Intrecultural No-No: Small Talk with Closed Minds

hear no evil

My brand is about intercultural communications, and intercultural communications is about appreciating different perspectives—even suspending your own belief in something momentarily to try to see something from another’s perspective. Even If you go back to your own idea—which is actually likely (science supports this–it’s been your idea innately for years) you never know. And, just considering another’s idea will at a miniumum give you new perspective.

What actually happened is that a mutual colleague said that “C” had lived in Paris, and would be a good person to ask about where to eat and what to do because of her intimate experience. “Oh,” I added at the last minute, “my mom is vegetarian…actually vegan.”

Before I tell you “C’s” response, I will tell you that my mom is vegan because in 1987 she died and was resuscitated. Per her personal experience, she didn’t see lights beckoning, faces of loved ones flashing before her. She saw nothing. Zilch. Nada. So when she awoke, seemingly resurrected from the dead, she came to the conclusion that “life is precious.” And ultimately that morphed into being an animal rights advocate, with ‘all life is precious.”

That story aside, as soon as I told “C” about the vegetarian caveat, not only did she not share any ideas, she proceeded to denigrate vegetarians, claiming she and her husband were “foodies” (vegetarians can be foodies to,) and the piece de resistance was to say that when Chicago proposed a ban on foie gras, that she and her husband would be the first ones to consider marching on City Hall to protest! Beyond “I don’t understand how anyone could be vegan,” she said.

And then she abruptly turned her head to the other side of the table to shut down the conversation and exclude all further contact.

Yes, clearly my feelings werehurt, but real my question now is how can she possible be a leader, to be so dismissive and narrowly attached to her own ideas?

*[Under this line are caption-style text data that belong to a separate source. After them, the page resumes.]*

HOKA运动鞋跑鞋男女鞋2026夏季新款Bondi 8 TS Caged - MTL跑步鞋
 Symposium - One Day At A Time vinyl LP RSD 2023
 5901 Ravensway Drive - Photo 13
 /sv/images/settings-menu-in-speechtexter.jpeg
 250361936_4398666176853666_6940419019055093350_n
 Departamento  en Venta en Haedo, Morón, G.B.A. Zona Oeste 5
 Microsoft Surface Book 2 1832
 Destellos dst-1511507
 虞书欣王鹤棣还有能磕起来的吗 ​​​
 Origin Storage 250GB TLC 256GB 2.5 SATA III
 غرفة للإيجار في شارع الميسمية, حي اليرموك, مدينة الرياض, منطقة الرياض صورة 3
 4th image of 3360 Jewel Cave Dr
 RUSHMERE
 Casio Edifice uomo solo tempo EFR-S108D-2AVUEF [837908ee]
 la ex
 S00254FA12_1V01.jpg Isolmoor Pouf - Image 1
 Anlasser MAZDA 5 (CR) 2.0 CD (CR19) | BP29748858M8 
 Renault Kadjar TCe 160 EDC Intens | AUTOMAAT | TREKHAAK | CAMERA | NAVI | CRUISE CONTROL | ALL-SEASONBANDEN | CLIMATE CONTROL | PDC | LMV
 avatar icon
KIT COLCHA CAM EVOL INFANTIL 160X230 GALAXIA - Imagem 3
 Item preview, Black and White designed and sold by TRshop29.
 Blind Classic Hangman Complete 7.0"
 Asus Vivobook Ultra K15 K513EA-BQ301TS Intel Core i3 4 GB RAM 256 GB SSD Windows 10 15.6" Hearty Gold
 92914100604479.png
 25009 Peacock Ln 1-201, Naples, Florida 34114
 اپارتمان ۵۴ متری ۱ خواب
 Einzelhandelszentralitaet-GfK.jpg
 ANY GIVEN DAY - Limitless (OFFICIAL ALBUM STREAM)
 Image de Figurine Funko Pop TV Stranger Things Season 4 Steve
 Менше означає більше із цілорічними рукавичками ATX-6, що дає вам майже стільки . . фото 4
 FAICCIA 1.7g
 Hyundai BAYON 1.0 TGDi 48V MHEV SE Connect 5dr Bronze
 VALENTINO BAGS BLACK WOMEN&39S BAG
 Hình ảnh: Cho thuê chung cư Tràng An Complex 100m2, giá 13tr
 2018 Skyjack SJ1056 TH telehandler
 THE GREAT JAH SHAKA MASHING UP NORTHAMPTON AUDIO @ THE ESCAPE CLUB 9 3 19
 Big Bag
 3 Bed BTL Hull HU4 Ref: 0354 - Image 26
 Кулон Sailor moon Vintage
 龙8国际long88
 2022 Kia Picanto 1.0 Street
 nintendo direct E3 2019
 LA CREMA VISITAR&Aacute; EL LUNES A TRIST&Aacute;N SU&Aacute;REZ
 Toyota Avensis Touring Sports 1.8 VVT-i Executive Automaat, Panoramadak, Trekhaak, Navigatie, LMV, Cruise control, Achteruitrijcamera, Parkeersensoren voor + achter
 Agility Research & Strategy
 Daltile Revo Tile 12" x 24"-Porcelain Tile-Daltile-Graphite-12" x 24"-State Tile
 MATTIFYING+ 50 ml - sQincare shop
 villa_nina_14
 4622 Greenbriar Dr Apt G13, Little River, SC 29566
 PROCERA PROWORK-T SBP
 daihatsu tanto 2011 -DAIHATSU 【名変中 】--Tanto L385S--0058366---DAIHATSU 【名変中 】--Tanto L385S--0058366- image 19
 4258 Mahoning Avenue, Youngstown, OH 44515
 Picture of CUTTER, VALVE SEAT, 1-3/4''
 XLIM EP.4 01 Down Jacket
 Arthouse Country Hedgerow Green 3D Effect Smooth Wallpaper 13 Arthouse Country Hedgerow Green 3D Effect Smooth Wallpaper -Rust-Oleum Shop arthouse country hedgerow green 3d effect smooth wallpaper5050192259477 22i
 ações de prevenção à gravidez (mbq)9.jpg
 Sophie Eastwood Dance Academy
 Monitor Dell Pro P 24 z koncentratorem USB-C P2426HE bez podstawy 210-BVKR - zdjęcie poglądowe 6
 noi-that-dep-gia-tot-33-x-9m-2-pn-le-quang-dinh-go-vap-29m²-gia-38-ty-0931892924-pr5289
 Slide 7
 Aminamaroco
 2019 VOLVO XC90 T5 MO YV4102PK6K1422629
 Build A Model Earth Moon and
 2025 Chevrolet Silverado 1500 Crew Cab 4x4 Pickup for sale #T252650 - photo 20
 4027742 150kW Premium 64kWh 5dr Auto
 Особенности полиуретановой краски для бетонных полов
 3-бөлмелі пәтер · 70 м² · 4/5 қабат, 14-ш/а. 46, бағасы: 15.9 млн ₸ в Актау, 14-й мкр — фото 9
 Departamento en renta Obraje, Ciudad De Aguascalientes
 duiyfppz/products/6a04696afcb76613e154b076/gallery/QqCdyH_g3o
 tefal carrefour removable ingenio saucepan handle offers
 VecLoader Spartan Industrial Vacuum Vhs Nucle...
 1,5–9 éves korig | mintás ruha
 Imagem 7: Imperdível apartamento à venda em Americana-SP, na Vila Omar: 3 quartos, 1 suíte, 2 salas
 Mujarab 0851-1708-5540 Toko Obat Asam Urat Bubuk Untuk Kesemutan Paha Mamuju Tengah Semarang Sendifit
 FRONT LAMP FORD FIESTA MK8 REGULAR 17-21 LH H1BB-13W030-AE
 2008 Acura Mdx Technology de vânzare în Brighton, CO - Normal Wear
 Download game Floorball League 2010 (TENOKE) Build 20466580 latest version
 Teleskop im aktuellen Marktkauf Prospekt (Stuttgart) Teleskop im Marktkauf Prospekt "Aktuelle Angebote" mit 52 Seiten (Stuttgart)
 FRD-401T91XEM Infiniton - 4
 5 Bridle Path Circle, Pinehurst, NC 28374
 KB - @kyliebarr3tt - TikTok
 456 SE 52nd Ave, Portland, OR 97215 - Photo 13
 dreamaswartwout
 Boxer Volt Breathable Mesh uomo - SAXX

Ultimately, the point is that sometimes people are not open to other ideas and will vehemently propose their own as the only way to be. Some will meekly change their minds in reponse, feeling foolish for their own thoughts. But, perhaps, the real reaction is to realize that this person doesn’t match your own values, whether as a boss, colleague, friend or even acquaintance, and isn’t worth the time to even start the conversation.

Sound like anyone you know? How would you react in that situation?